Leading Up to the Castle

Leading Up to the Castle

I never thought of soldiers from many countries being prisoners of war in Italy. There were seventy thousand of them. Early in the war the Fascists in compliance with the Germans informed the Origos that their home would be used to house the P.O.W.s.  A high ranking official came to look the place  over and decided he would be more comfortable at the castle up the hill.  The Origo family and their tenants would be in charge of feeding them, and caring for them. The peasants kept them alive and helped them escape. General O’ Connor wrote after the war, “ I can only say the Italian peasants and others behind the lines were magnificent.  They could not have done more for us.  They hid us, escorted us, gave us money, clothes and food – all the time taking tremendous risks.  Without their help it would have been impossible for us to live and finally escape.”

Iris had the hospital, meager supplies and the only nurse.
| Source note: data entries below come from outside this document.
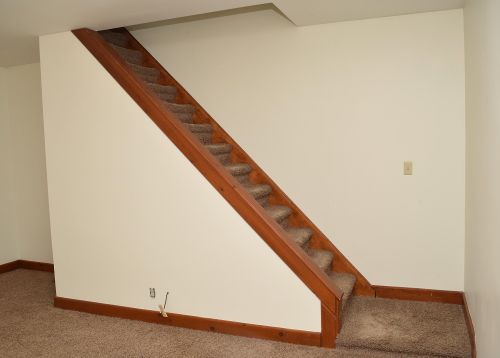 116 Powell Ave, Bellefontaine OH  43311-2160 exterior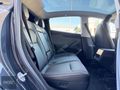 Pier's | 2025 Tesla Premium 15.000 Km ARAÇ İZMİRDE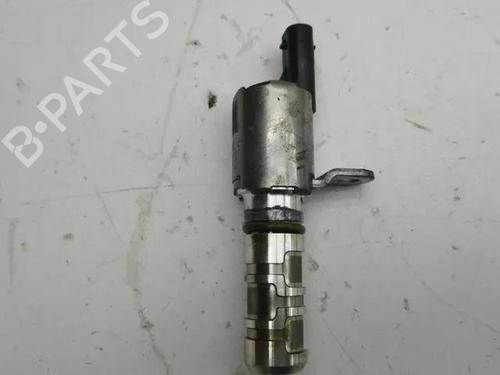 Used Electronic sensor SEAT LEON (KL1, KLG) 1.5 TSI (131 hp) 28861505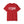 Cut Bank Montana t-shirt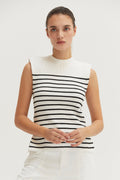 Blake Knit Top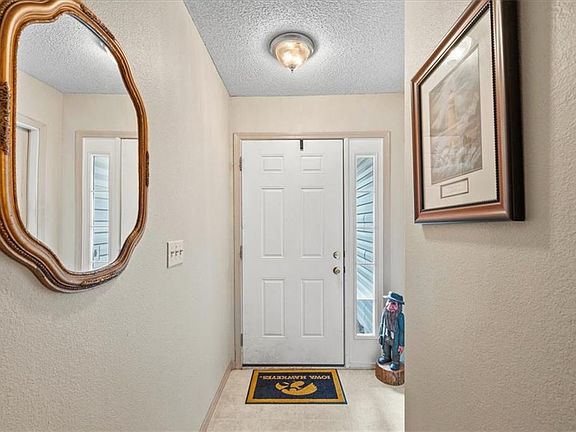 2nd image of 3564 NE Austin Dr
This is not to say she helped only the Allied forces, but also young Italians, who took up arms against the regime and joined partisan groups, (she hid them in her forest, fed them and reported movements of troops from either side). She also cared for wounded German soldiers stranded from their units.  Yes, she tells all about that castle and what went on there.
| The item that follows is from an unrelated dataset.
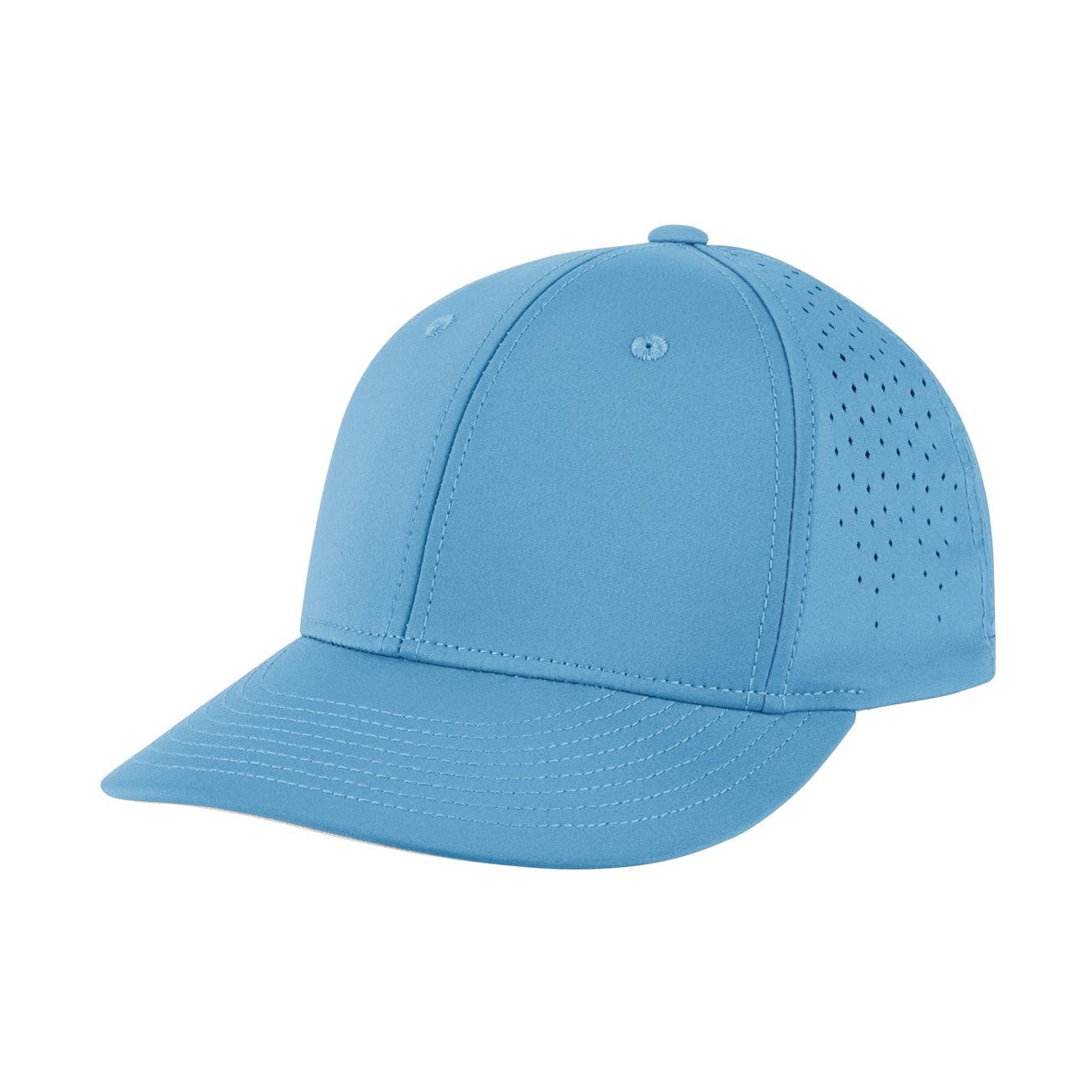 Champro Low Profile Optim Cap-1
When Genoa and Turin were bombed and seeing heavy fighting the city dwellers begged  those people who lived in the country to take in their children.  The children would be safe, in the middle of Italy, so far away from the fighting, or so they thought.  La Foce  and Iris Origo took twenty-six children in, in addition to the two she had of her own by then. Eventually, when the American forces landed near Rome and moved north, the war came to her doorstep literally. As the war raged close to  La Foce, she walked the children to safety in the hill town of  Montepulciano, as the shelling went on all around them. The children were tied together so they would not get lost, and many of the children so accustomed to the bombing and planes thought they were playing a new game. After the war many men, from different countries, wrote her and told her they had survived the war thanks to her kindness.  I am sure the children, who for the most part were re-united with their families felt the same way.  There is a great deal to be learned of strength, determination and courage from Iris Origo.  She shares her life, simple acts of everyday life during a war, with the hope of human kindness. Her book is a must read.

P S   I hope I find that farmer too.  I have studied Italian for two years and will be learning more in Montepulciano.  Maybe we can discuss the weather!